It must feel strange to be an Apple employee this week. On Sunday, the New York Times ran a front page story using Apple as an example of why the large-scale successes of some companies haven't resulted in a corresponding increase in U.S. jobs. On Wednesday, the company reported $13.1 billion in profits over its most recent quarter, a record that briefly made it the most valuable company in the world by market capitalization. The results shocked the tech world -- only big oil companies like Exxon were supposed to make that kind of money.
Then on Thursday, Adam Lashinsky's new book "Inside Apple" went on sale. The book argues that Apple's American employees exhibit "cultish" tendencies like extreme secrecy and subjugating their own individuality to the greater good of the company. That same day, the Times ran another front page story on Apple, this time reporting that the company tolerated worker abuses and factory explosions at its Chinese manufacturing facilities because to rock the boat would disrupt their revered supply chain and profits.
After the Times story had made the rounds, Chief Executive Tim Cook -- the person largely responsible for Apple's supply chain -- sent an email to all Apple employees that disputed the charges made in the Times story. "Unfortunately some people are questioning Apple's values today," Cook wrote. "What we will not do — and never have done — is stand still or turn a blind eye to problems in our supply chain." The email details the efforts Apple has made to investigate worker abuses in its overseas factories, and the company's stated commitment to "educating workers about their rights, so they are empowered to speak up when they see unsafe conditions or unfair treatment."
The question Apple employees must be asking themselves is whether they are the cream of the crop among technology's elite or the beneficiaries of overseas suffering, or both. Either way, it seems that without the charm and celebrity of Steve Jobs, this may be the beginning of more intense scrutiny of the company. Apple didn't respond to a request for comment.
Tech Selling (Mass High Tech)
Office supplies giant Staples is opening a tech development center in Cambridge, Mass., this May. It's looking for IT workers, product managers and user interface designers to help create e-commerce solutions.
Starting Over (Fortune)
If you're trying to career-jump into the tech industry, here's what you have to do. Take advantage of government-funded training programs, do some temp work to get experience, and display passion and enthusiasm when reaching out for full-time jobs.
Going Local (The Economic Times)
Indian IT firm HCL Technologies says that it will hire 10,000 employees in the U.S. and Europe over the next five years. To meet the ambitious goal, the company also plans to begin operating local recruitment and training programs for college students.

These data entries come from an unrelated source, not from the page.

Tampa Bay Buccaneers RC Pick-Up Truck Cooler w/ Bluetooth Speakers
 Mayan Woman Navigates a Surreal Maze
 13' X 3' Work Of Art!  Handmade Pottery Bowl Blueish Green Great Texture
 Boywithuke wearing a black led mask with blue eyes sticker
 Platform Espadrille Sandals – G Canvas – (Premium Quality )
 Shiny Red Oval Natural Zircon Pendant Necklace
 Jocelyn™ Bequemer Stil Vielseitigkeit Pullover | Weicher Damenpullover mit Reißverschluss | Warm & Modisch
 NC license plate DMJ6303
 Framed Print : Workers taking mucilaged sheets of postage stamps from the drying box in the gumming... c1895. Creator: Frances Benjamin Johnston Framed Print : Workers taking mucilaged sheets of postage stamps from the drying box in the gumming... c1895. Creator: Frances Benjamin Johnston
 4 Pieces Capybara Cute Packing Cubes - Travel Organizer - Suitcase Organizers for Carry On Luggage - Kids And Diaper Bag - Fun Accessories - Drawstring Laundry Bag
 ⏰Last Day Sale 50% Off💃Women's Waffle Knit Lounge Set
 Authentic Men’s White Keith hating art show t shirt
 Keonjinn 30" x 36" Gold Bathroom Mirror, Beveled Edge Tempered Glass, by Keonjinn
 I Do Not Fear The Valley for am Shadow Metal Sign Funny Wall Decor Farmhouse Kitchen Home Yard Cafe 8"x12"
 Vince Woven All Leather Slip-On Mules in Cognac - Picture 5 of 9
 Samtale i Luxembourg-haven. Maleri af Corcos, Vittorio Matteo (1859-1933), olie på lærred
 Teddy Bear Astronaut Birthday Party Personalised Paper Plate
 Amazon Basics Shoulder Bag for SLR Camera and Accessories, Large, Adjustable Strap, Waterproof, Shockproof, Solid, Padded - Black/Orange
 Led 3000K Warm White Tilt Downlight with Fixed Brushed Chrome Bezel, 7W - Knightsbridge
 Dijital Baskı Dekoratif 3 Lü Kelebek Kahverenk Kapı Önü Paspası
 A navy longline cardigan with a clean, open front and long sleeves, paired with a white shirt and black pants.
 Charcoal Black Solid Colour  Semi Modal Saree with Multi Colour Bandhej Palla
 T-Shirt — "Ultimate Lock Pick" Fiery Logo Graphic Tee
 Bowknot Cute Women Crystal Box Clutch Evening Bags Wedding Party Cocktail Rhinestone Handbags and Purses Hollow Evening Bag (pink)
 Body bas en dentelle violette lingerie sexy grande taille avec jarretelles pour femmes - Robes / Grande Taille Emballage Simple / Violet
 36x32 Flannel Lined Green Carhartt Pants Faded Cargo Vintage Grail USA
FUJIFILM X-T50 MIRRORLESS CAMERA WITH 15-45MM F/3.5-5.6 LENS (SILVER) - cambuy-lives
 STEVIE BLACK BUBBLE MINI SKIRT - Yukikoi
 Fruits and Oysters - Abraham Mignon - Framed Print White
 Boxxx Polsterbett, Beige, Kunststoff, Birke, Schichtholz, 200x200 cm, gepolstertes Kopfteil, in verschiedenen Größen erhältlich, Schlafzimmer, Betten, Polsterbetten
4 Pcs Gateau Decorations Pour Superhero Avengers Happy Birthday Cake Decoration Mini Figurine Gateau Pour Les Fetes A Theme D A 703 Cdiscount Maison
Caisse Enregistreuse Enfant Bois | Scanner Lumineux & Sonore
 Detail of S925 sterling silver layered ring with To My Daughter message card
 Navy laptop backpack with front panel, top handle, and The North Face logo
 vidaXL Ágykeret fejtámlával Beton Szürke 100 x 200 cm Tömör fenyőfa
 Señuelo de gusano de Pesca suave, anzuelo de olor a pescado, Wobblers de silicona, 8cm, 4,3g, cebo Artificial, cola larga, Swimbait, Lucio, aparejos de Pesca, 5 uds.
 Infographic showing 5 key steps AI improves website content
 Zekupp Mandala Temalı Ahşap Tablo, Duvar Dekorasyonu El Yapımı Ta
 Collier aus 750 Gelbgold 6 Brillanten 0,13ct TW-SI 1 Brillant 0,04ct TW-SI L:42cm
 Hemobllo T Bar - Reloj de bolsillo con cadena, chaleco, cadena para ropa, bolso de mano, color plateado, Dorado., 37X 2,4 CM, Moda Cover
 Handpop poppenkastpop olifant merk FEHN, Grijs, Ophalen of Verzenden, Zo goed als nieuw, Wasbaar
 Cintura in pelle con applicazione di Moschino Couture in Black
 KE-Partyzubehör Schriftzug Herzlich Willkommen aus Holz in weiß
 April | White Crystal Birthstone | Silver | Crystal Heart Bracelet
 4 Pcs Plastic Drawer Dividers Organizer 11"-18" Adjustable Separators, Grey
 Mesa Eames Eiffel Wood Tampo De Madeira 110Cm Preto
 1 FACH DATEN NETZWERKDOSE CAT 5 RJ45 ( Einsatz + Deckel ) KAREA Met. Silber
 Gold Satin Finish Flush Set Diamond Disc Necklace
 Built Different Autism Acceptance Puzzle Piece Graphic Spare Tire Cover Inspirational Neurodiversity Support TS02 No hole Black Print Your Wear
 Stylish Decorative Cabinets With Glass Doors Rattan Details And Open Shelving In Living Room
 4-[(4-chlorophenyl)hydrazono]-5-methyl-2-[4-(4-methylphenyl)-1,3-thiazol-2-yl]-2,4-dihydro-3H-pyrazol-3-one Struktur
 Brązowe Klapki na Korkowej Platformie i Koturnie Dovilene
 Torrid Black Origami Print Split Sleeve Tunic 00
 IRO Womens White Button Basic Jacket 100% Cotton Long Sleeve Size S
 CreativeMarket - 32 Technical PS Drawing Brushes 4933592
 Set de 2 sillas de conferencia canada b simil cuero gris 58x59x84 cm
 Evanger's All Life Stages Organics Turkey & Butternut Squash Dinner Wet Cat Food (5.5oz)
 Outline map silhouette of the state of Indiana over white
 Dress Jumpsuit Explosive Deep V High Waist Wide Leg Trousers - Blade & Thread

Twitter can now selectively block content in countries where certain types of speech are not protected by governments. The company's microblogging service was considered instrumental in helping foment political uprisings in the Middle East last year. By the way, their New York office is hiring a lead product manager.
District Sleeps Alone (WAMU)
Microsoft is partnering with Washington, D.C. to train out-of-work residents and students or tech jobs. The Seattle software giant will also award $100,000 to local businesses for software, training and support.
Set It Off (Business Insider)
While mingling with the global business elite in Davos, AOL Chief Executive Tim Armstrong has encountered a nagging problem. His metal replacement hip keeps setting off metal detectors around the high-security outpost where the World Economic Forum is held.
Land Grab (San Jose Mercury News)
The thing about adding 8,000 employees in a single year is that you've got to find room to put them all. That's why Google spent $225 million last year for 15 properties in Mountain View, Calif. The company owns or leases 7.2 million square feet there.
Looking Ahead (CNBC)
Sean Parker, who was Facebook's first president and still one of its biggest shareholders, says that a bubble has built up around owning stock in the social networking site. That's why it could be the biggest IPO in history.
Buzz Around the Office
Fun in the air.
List of the Day: Saving Time
If you've got a million balls to juggle, ax these things from your to-do list.
1. Cleaning out your inbox. It doesn't actually need to be at zero.
2. Looking up different menus for business lunches. Choose one place and call it a day.
3. Going to conference panels. Focus on networking in between instead.